Assim, acabou melancolicamente a terrível Confederação dos Cariris que durante 30 anos trouxe em sobressalto as gentes que iam povoando e civilizando as terras do Rio Grande do Norte e do Ceará. Foi uma das mais notáveis experiências duma conjugação de esforços realizada por selvagens do Brasil, sempre tão desavindos e inimigos entre si, com o fito de obstar a conquista de suas terras. Esforço baldado, pois sua sorte diante do invasor fora lançada e não seria a bravura instintiva suficiente para vencer com arcos e flechas a inteligência sagaz, a pólvora, as balas de chumbo e a cultura superior do europeu. Como a humanidade tupi, embora menos maleável, a humanidade tapuia teria de ser dominada e absorvida pelo colonizador.

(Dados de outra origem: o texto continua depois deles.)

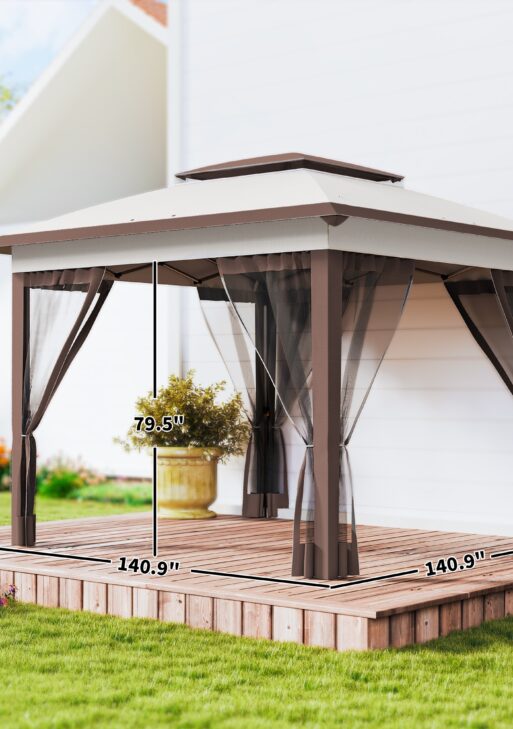 12' x 12' Pop Up Canopy Tent with Netting and Carry Bag, Instant Sun Shelter with 137 sq.ft Shade, Beige and Brown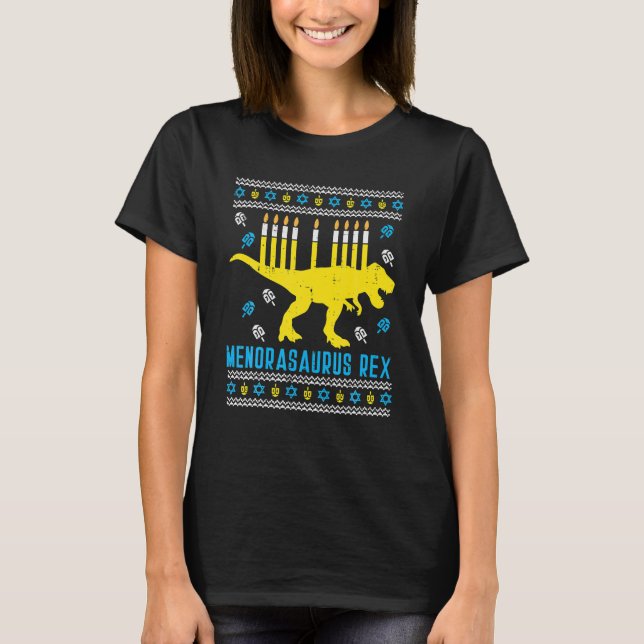 Menorasaurus Rex Trex Menorah Ugly Hanukkah T Shirt (Framsida)
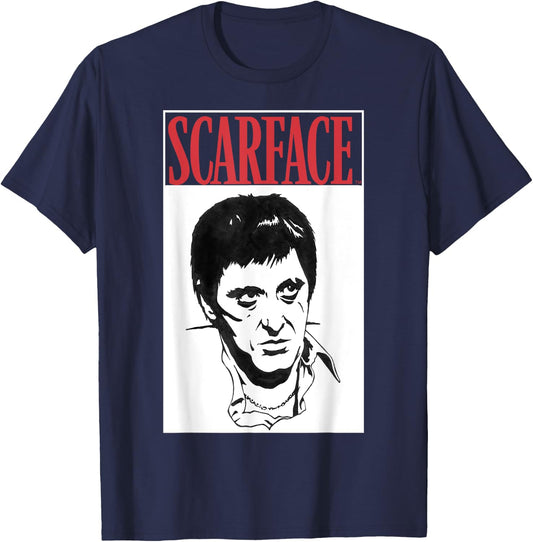 Scarface Black And White Portrait Red Text Graphic T-Shirt - T-Shirt | Navy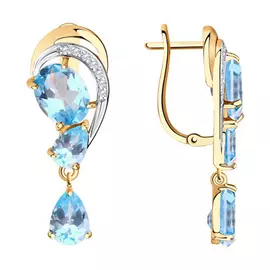 Серьги с английским замком из золота 51-321-00352-1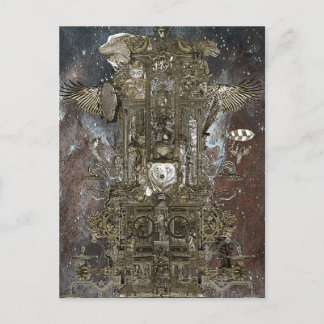Steampunk Rymdtransport Vykort
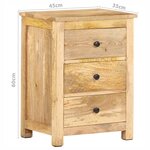 vidaXL Table de chevet 45x35x60 cm Bois de manguier massif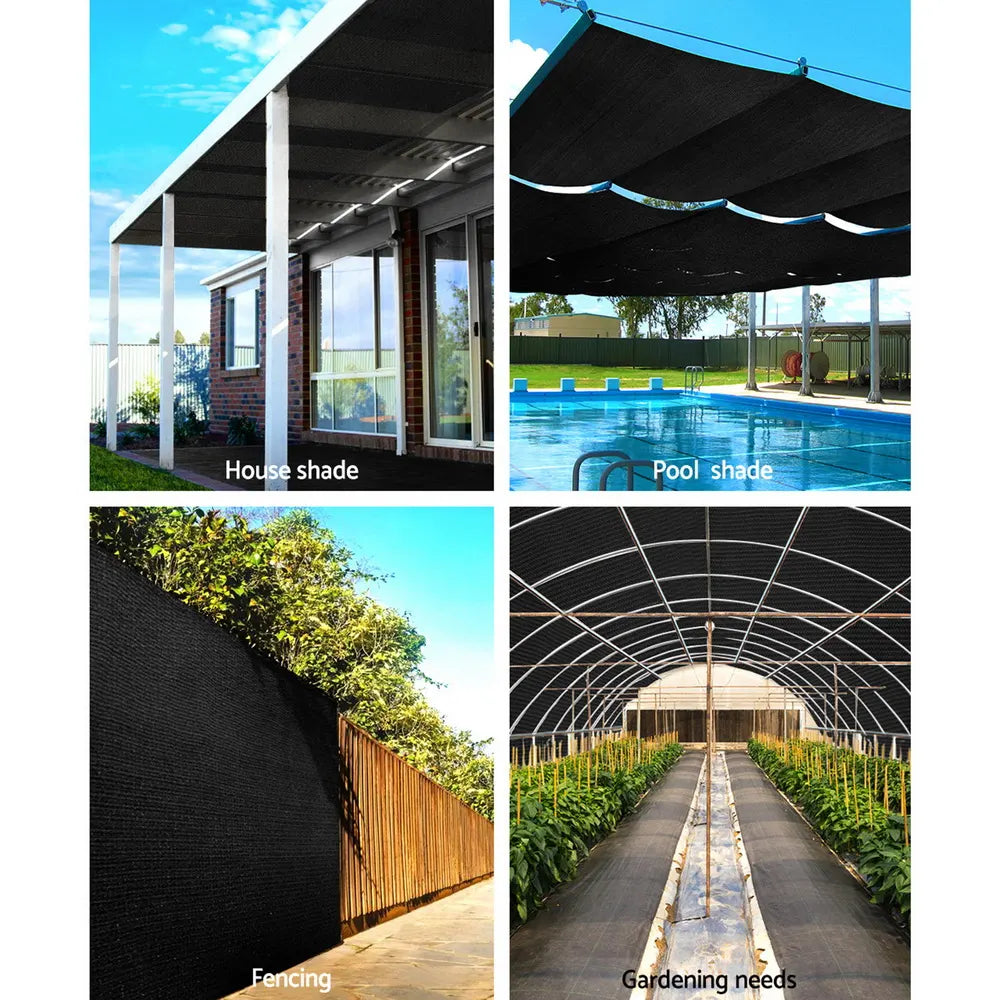 Instahut 90% Shade Cloth 3.66x10m Shadecloth Sail Heavy Duty Black - Image 4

- Gustavo Barroso em À MARGEM DA HISTÓRIA DO CEARÁ, editado em 1962 pela UFC, tendo sua segunda edição, de onde foi copiado este capítulo, em 2004, sob os auspícios da FUNCET-PMF.

Gustavo Dodt Barroso, que nasceu em Fortaleza em 1888, foi advogado, político, contista, museólogo, folclorista, ensaísta, cronista, arqueólogo, memorialista e romancista. Membro da Academia Brasileira de Letras, foi o criador do Museu Histórico Nacional, em 1922, por ocasião das comemorações do Centenário da Independência, iniciativa do então presidente Epitácio Pessoa, tendo dirigido a instituição desde a fundação até a sua morte, em 1959.